Edwards v Vannoy is a United States Supreme Court case involving the Court's prior decision in Ramos v Louisiana, (2020), which had ruled that jury verdicts in criminal trials must be unanimous under the Sixth Amendment to the U.S. Constitution. The Supreme Court ruled 6–3 that Ramos did not apply retroactively to earlier cases prior to their verdict in Ramos.

Background.

Under the Sixth Amendment to the U.S. Constitution, a person accused of criminal charges must be tried by a jury. Federal laws required the jury to come to a unanimous decision to achieve conviction, but states had been free to adapt their own requirements for conviction based on the 1972 case Apodaca v Oregon. All but two states adopted the same unanimous jury conviction requirements as federal law; only Louisiana and Oregon allowed for majority jury votes to convict, as well as the Puerto Rico territory. In 2019, Louisiana altered its laws to require a unanimous jury conviction.
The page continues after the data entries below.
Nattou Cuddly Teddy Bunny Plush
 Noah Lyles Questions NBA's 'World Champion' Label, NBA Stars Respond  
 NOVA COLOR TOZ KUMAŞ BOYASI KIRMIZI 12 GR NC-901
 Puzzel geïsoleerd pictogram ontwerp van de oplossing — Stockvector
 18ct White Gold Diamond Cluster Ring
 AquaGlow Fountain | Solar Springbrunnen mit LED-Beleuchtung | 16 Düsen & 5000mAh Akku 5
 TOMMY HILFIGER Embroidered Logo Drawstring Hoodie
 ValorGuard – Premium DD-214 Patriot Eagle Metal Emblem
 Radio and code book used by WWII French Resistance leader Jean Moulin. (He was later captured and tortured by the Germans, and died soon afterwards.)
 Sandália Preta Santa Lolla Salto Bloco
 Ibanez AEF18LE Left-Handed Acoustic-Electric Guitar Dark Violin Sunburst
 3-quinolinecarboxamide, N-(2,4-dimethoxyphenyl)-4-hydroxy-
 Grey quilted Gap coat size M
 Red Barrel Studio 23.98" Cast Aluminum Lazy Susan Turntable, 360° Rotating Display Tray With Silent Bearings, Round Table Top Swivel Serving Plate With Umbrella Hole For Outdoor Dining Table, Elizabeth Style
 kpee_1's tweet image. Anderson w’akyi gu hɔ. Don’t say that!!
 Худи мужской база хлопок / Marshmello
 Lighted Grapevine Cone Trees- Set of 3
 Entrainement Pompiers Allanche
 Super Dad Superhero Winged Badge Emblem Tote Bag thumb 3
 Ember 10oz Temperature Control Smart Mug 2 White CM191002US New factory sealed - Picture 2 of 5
Ramos v Louisiana was brought to the Supreme Court to challenge the Louisiana jury-majority conviction law prior to its change on the basis it was a Jim Crow law that allowed for racial discrimination. The Supreme Court ruled in a 6–3 decision in Ramos that the Sixth Amendment was an incorporated right to the states, and that the Louisiana and Oregon allowance for non-unanimous jury convictions was unconstitutional, overturning the Apodaca v Oregon ruling. The decision had split across the typical ideological lines of the Justices, with Chief Justice John Roberts and Justices Samuel Alito and Elana Kagan dissenting.

In the present case, Thedrick Edwards was an African American that was convicted in 2007 in Louisiana on charges of rape, armed robbery, and kidnapping. The jury convictions were all non-unanimous, and Edwards had claimed that the state had manipulated jury selection to minimize the minority representation on the jury; the lone black juror had voted against any convictions. Edwards had spent the intervening years challenging his conviction on the basis that Louisiana's non-unanimous jury conviction laws were unconstitutional and had petitioned to the Supreme Court prior to their Ramos decision on the same questions that Ramos had presented. Upon the Ramos ruling in April 2020, Edwards changed his petition to the Court to ask whether the Ramos decision should apply retroactively.